Thursday, January 8, 2009

The 333 Best Pop Songs of the 2000s: #205

#205: "Bulgarian Chicks" (2005) - Balkan Beat Box featuring Vlada Tomava & M. Alexiava

We bid adieu to Africa, and we continue our northward trek, landing this time in Israel where Balkan Beat Box are performing. We ask co-founder Ori Kaplan what he's doing so far from his Brooklyn home, and he tells us that he and drummer (and co-founder) Tamir Muskat both hailed from here. We ask him Kaplan what his native brethren think of his tainting his Jewish heritage by creating this abomination of traditional, sacred klezmer by adding hip-hop and street beats and those Caribbean horns with the jazz arrangements. Kaplan told us that he wasn't defiling any sacred music style, that he was trying to create one of his own. Yeah, yeah, yeah, we said, whatever, but who's that hot chick singing, she's fabulous, especially the "Whee!" she exclaims at the end of the chorus, 'cause it's pure joy, an exhultant exclamation brought about by the mixture of the sacred and the profane.
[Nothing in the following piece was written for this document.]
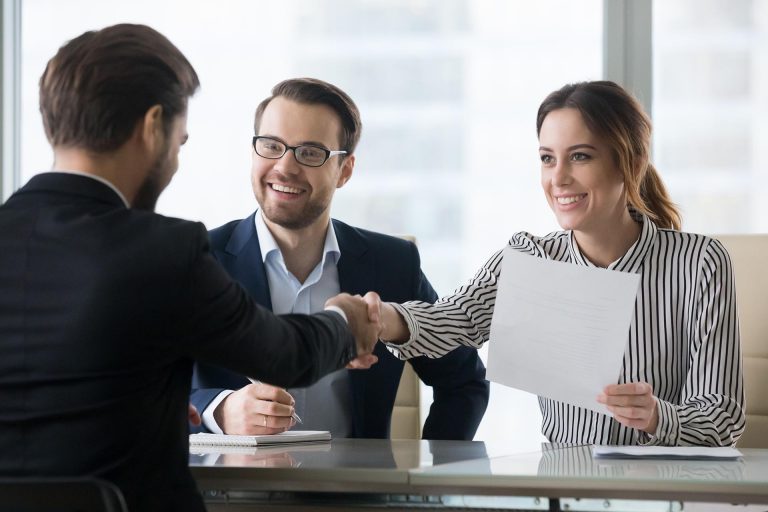 Happy employers shake hand of male job candidate, congratulating with given position, satisfied HR managers happy to hire applicant handshake greeting at team. Successful good interview concept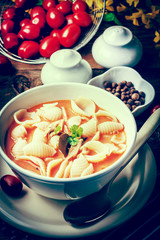 Fresh tomato soup with conchigliette. Instagram style filtred image.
Kaplan told us that she just sings with us on occasion. On occasion? Oh, I understand. No women in the band, right? I certainly understand that, I told him, but I see where you're coming from, if only every-now-and-then some singer just happens into the studio, then she's not officially a member, so the missus doesn't get mad, and the lead singer doesn't get jealous that someone's stealing his thunder. I get it, I tell him. He looks at me, and he looks puzzled, and he asks, What, and I ask him if she's got a sister, not that I'm...I mean not that I want...I mean...you know. He just walked away, Kaplan did, and he began playing his saxophone, and the crowd went wild. Wild, I tell you.